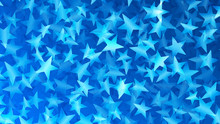 Blue Abstract Background Of Small Stars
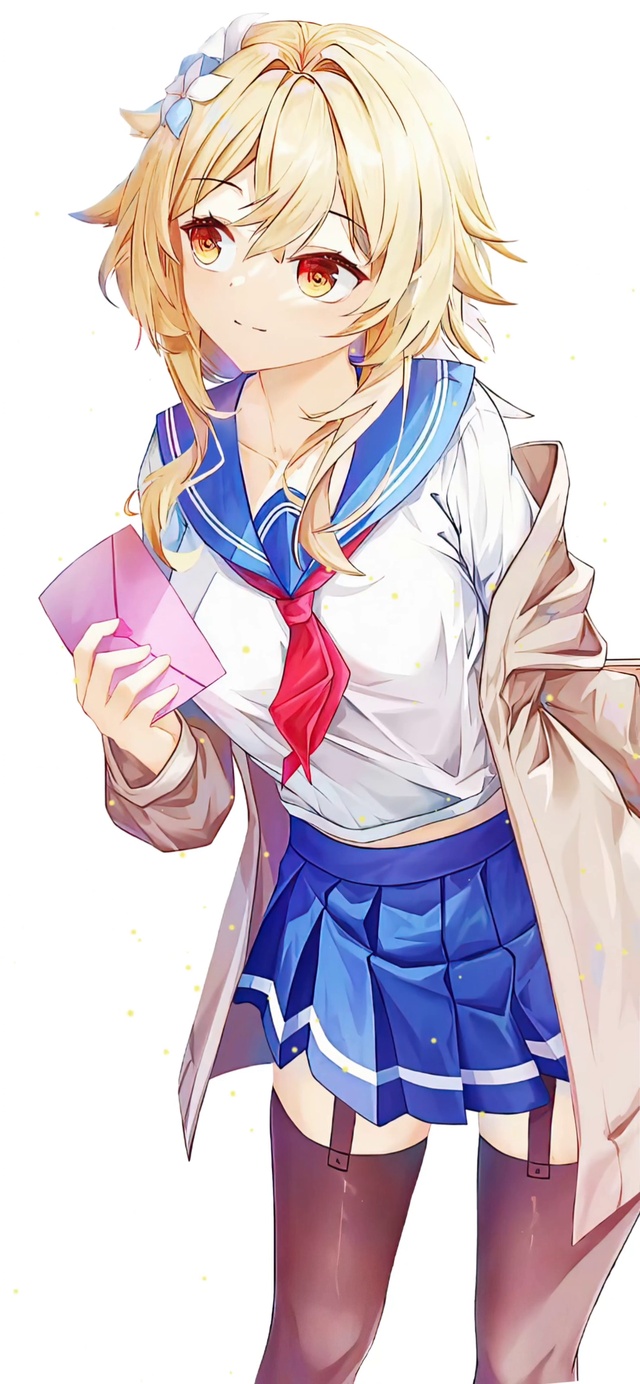 原神甘雨可爱清纯校园制服美女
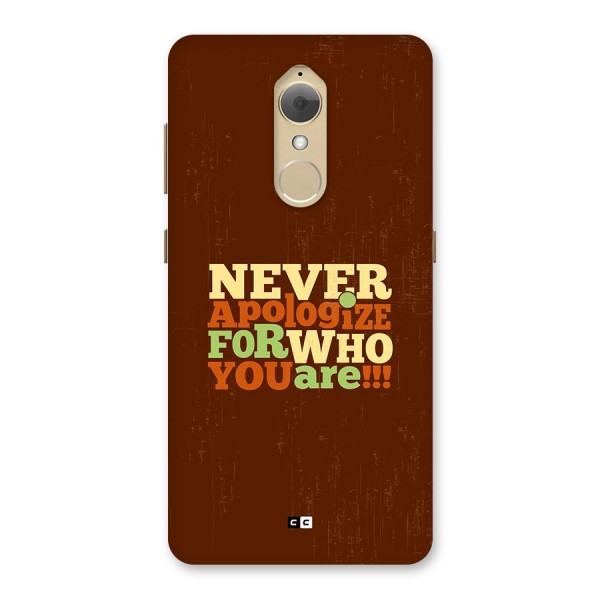 Never Apologize Back Case for Lenovo K8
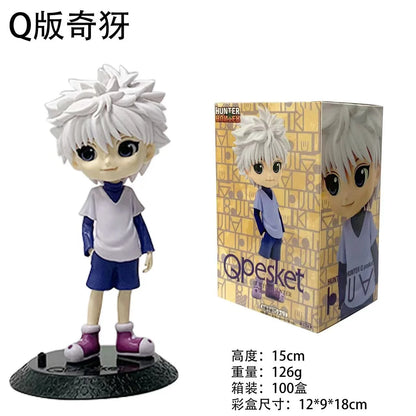 18CM Anime HUNTER×HUNTER Figure Killua Zoldyck Action Figure GON FREESS PVC Toys Doll Kurapika Gift Collection Kid Figurine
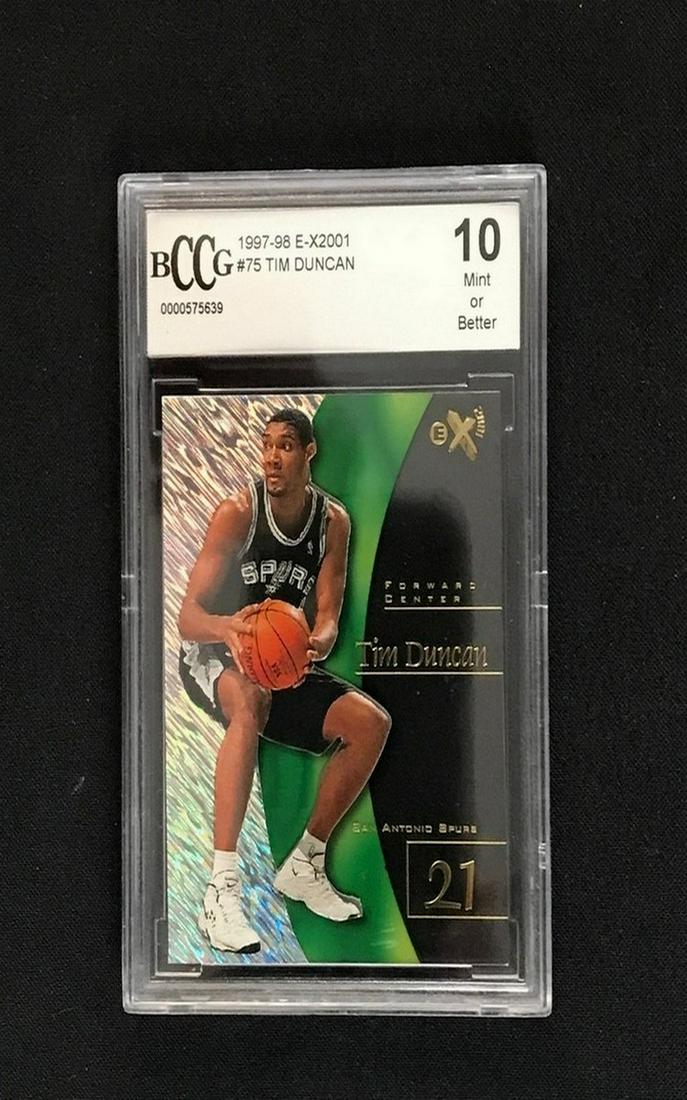1997-98 Ex2001 Tim Duncan Rookie Bccg 10 (1 of 2)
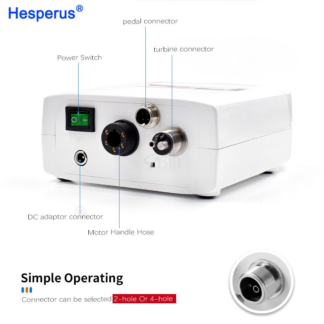 Dental Brushless Electric Motor With Foot Pedal Control Led Fiber Optic Micro Motor For 1:5/1:1/16:1 Contra Angle Dental Motor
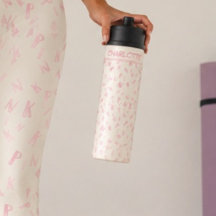 Moderne Elfenbein-Wasserfarbe Rosa Buchstabenmuste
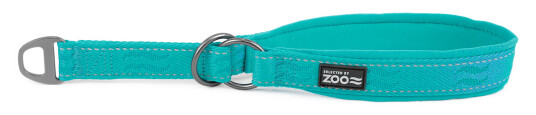 Rufus Hundehalsbånd Halv Jern 25 mm Turkis 45-55 cm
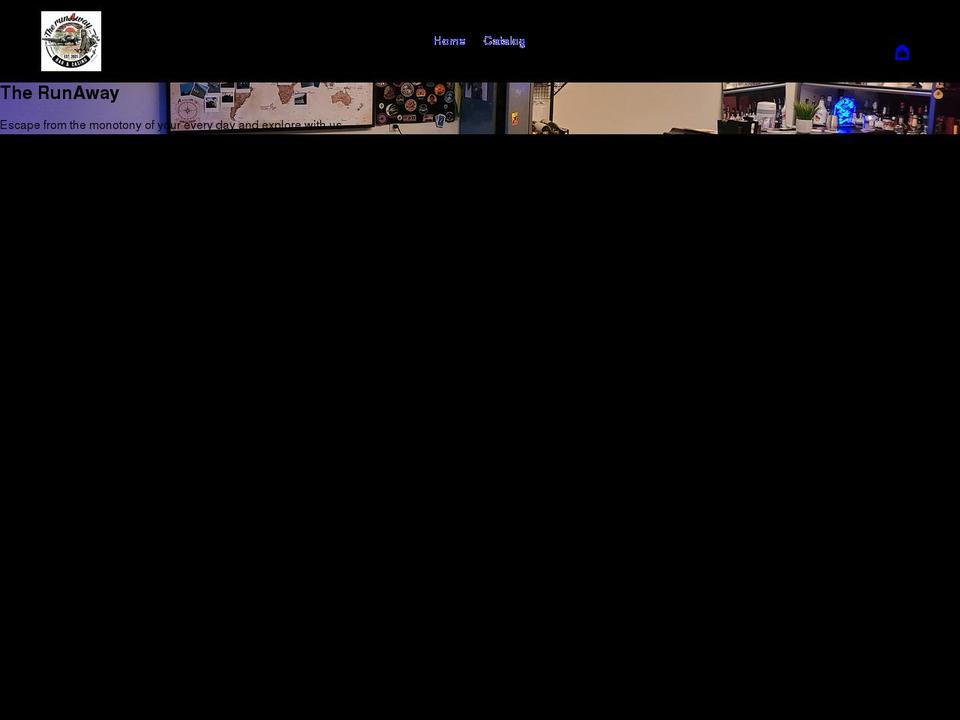 therunawaystore.com shopify website screenshot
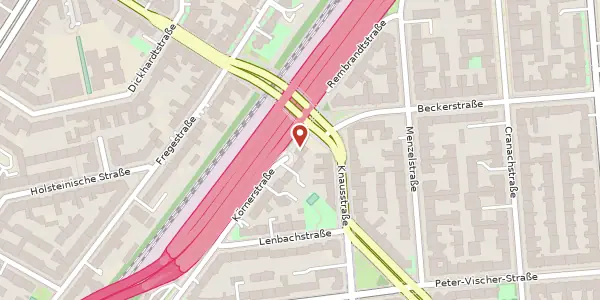 Karte der Umgebung von Körnerstraße 47, 12157 Berlin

━━━━━━━━━━━━━━━━

▸ **How to complete this task**
Return all the material exactly, skipping pictures.

▸ **Exercise response**
 Blue Abstract Background Of Small Stars
 原神甘雨可爱清纯校园制服美女
 Never Apologize Back Case for Lenovo K8
 18CM Anime HUNTER×HUNTER Figure Killua Zoldyck Action Figure GON FREESS PVC Toys Doll Kurapika Gift Collection Kid Figurine
1997-98 Ex2001 Tim Duncan Rookie Bccg 10 (1 of 2)
 Dental Brushless Electric Motor With Foot Pedal Control Led Fiber Optic Micro Motor For 1:5/1:1/16:1 Contra Angle Dental Motor
 Moderne Elfenbein-Wasserfarbe Rosa Buchstabenmuste
 Rufus Hundehalsbånd Halv Jern 25 mm Turkis 45-55 cm
 therunawaystore.com shopify website screenshot
 Karte der Umgebung von Körnerstraße 47, 12157 Berlin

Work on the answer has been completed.